Lessons from the Great Fire of London – Why insurance matters
Early on Sunday morning September2nd, a fire broke out at Thomas Farriner’s bakery in Pudding Lane in1666 London, at the time, Europe’s largest city. After a couple of rainy summers, a drought had set in since November 1665. What could have been an isolated incident of fire destroying property, eventually led to 4 days of destruction across the narrow streets of London. The only reprieve came in the form of large-scale demolitions of property to prevent the fire from spreading any further than it already had.
Subsequently, in the plans for the rebuilding of the city, Sir ChristopherWren, included a site for the insurance office and this reflected the change in opinion of insurance being no longer a matter of convenience but one of urgency. Over 13,000 houses had been destroyed, and unknown number of lives lost.
That kind of unpleasant imagery seems like the kind of anecdote delivered by an insurance peddler with bad taste seeming to scare you into buying a policy for something that might happen. So I apologize for opening with it, however, I raise it only to make a few observations about our view of insurance.
Firstly, if we consider the conditions that led to the fire of 1666, we can see that they were not very difficult to identify with the benefit of 20-20 hindsight. According to reports, many wooden buildings as far as the eye could see had been rendered tender dry. Narrow streets meant a fair wind could blow a spark from one flammable structure to another. However, people went about their daily business without a care in the world. This shows us how the human mind is usually focused on the task at hand. It’s not natural for us to respond with urgency to possible dangers that for all we know might never happen.
Not only is it not a matter of urgency, it’s upsetting to think about losing property, falling sick or worst of all losing one’s life. We tend to hope for the best but find it hard to finish the maxim by planning for the worst.
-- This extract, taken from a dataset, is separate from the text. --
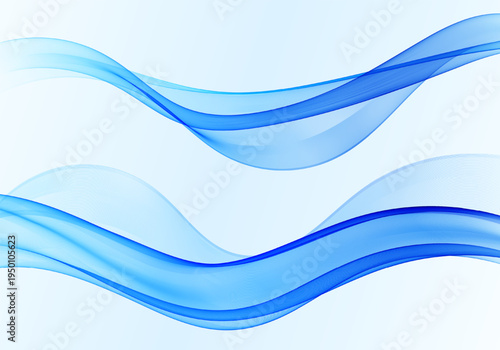 Set of abstract blue flowing wavy waves isolated on light background for modern design elements.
The second lesson we can learn from this is risk management. One of the reasons the fire burnt for so long and grew as much as it did is the hesitation on the part of the authorities. Prompt action is the surest way to mitigate the effects of risk. Translated to our own lives, perhaps you have already experienced a startling loss, a robbery, a health scare for which you had no cover. Perhaps it’s been a few months and this is behind you but you worry that it might happen again. The best way to manage this is to act. Speak to an insurer, consult as many as possible and treat it as a means of preventing any further fires from spreading.
The last lesson we learn from the great fire is one, our own situation closer to home can stand to take a leaf from; that prevention is better than cure. Oftused as a cliché’ by our doctors and teachers encouraging us to be prepared, this has lasted in our cultural lexicon for a reason. It’s simple yet profound. While insurance companies make advances to raise the insurance penetration in the country from 0.85% to 3% by 2025, the duty to educate comes together with the responsibility to teach people how to minimize the probability of loss. Many people see insurance as a costly endeavor covering something that might not happen and see that money in opportunity cost terms-a car they could have bought, a piece of land, you name it. Further complicating this, a recent KPMG survey conducted in 2016 shows that fraud is a big concern for many insurers insist Africa and Uganda in particular. I think we need to look closely at the fraudulent claims. Is it a matter of dubious individuals seeking to game the system only or it a misunderstanding of the basic concepts of insurable interest, utmost good faith, accidental loss, calculable loss and proximate cause? (See footnotes)
Unlike credit and Savings, insurance’s more easily understood and appreciated financial cousins, Insurance doesn’t proffer an immediate benefit, it doesn’t money in the hands of the user. It is supposed to be the fall back, the way to ensure that when disaster strikes, you’re not taken back to the drawing board. It’s therefore imperative that we talk about it as much as possible, and equip ourselves with the information we need so that all we’ve worked doesn’t go up in flames and we’re left with nothing to start with again.
Insurable interest- The beneficiary must have a stake in the loss or damage to the life or property insured. This is determined by the relationship between the beneficiary and the insured person or property. This makes it different from gambling in which for example, one can bet on Manchester United and win without having any real stake in the club.
Accidental loss-The event that leads to the loss must be outside the control of the beneficiary of the insurance. Basically, the loss must result from an event which the beneficiary was in power to prevent.
Calculable loss-The probability of loss and the cost of that loss must be one that can be estimated. Probability of loss is generally an empirical exercise, while cost has more to do with the ability of a reasonable person in possession of a copy of the insurance policy and a proof of loss associated with a claim presented under that policy to make a reasonably definite and objective evaluation of the amount of the loss recoverable because of the claim.
Proximate cause- the cause of loss must be covered under the insuring agreement of the policy, and the dominant cause must not be excluded. For example, when insured against fire, if the fire is caused by electrical failure this must be disclosed.